## RECORD EXTRACTS
§
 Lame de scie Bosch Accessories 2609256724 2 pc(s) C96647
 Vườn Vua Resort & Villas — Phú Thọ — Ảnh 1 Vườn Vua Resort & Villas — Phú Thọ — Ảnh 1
§
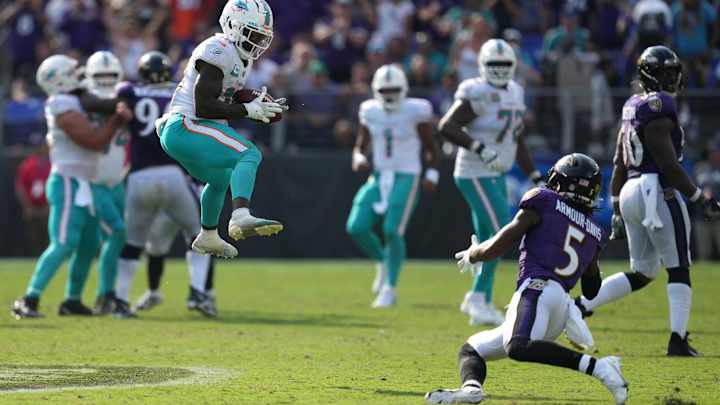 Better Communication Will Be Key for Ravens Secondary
§
## WORK ITEM
Begin with the line that has "Lame de scie" in the listing above and end after the line that has "Ảnh 1 Vườn Vua"; output those lines exactly.

## RESPONSE BELOW
 Lame de scie Bosch Accessories 2609256724 2 pc(s) C96647
 Vườn Vua Resort & Villas — Phú Thọ — Ảnh 1 Vườn Vua Resort & Villas — Phú Thọ — Ảnh 1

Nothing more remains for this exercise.